Every Halloween I have grand plans to make “scary” Halloween food.
This year, I have my eye on:
- Brain cupcakes (so clever)
- Chocolate Witch Hats (not scary, but cool)
- Forked eyeballs (do this with cookie dough balls!)
- Tentacle Pot Pie (Monday’s dinner inspiration)
- Stuffed roaches (hahah)
- Apple Teeth (doesn’t get much easier than this)
I’m all over the scary food right now.
[P.S. - Kitty litter cake? Really? I might barf. times ten.]
Anyway, I dream about all the scary food I’ll make and then it occurs to me that I really just want chocolate in mass quantities.
I don’t care if it scares me, in fact, I doubt chocolate could. Well, unless it’s shaped like poo or even worse, in a litter box. That’s pretty scary. The same goes for Eric playing Christmas music a week before Halloween.
Give me luxurious chocolate, Green Monster shots, “scary” Dollarstore decorations, and a couple easy, no-bake recipes?
I can do that.
Vegan Double Chocolate Pudding Cups
- 1 batch of my favourite vegan pudding (or double it if you need more)
- Shot glasses or parfait glasses
- Natural cane sugar
- Food coloring (the Wilton ones I have are vegan)
- Coconut/chia seeds, to garnish (optional)

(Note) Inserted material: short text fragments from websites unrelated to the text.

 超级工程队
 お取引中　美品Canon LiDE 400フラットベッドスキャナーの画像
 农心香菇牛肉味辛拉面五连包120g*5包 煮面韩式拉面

1. With a food processor, make the vegan pudding.
2. To make coloured sugar, add about 1/4 cup of sugar into a bowl. Now add about 5-6 drops of your desired colour. Mix well with a spoon or hands until combined (I put gloves on to avoid staining).
3. To rim glass, dip end into water and then dip into the coloured sugar mixture. Twist glass until coated evenly.
4. Add pudding and top with coconut and coloured sugar.
Man, I love this pudding. This is an example of avocado in a dessert that works!
Oh my what nice eyes you have…
And because I’m all about balance, something GREEN!
A Green Monster on Halloween, how appropriate.
[Please avoid the glaring obvious that these look like Christmas shots instead of Halloween. I blame Eric playing Christmas music.]
Mini Green Monster Shots
Made extra sweet for Halloween!
Yield: ~2.5 cups
- 3 frozen bananas (peel before freezing)
- 1 cup almond milk
- 1-2 cups spinach
- chia seeds, if desired
- ice, if desired
1. Chill shot glasses in freezer. Throw ingredients into a blender and blend until smooth. Rim with sugar (as explained above) and fill with green monster smoothie.
Get this. I chilled the shot glasses in the freezer beforehand. DO IT!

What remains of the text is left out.